◆ Task item
Below are records; transcribe only the line with "The Donald Ross" and those after it, through the last line, without any change.

◆ Data for the task
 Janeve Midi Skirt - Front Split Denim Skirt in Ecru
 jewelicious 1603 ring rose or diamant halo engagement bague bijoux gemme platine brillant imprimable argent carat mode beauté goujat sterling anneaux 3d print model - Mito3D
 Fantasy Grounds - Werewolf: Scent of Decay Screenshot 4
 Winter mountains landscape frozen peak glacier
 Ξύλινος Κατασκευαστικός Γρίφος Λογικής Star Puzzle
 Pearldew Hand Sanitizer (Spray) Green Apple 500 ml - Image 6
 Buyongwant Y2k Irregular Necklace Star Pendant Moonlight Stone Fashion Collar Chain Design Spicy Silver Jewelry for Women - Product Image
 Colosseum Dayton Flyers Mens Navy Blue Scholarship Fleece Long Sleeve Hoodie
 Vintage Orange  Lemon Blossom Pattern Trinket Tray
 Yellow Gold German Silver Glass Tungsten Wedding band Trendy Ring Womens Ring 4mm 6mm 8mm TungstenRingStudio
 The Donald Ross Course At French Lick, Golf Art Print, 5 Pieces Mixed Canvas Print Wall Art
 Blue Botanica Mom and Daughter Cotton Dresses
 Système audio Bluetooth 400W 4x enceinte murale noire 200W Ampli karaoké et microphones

◆ Response to the task
 The Donald Ross Course At French Lick, Golf Art Print, 5 Pieces Mixed Canvas Print Wall Art
 Blue Botanica Mom and Daughter Cotton Dresses
 Système audio Bluetooth 400W 4x enceinte murale noire 200W Ampli karaoké et microphones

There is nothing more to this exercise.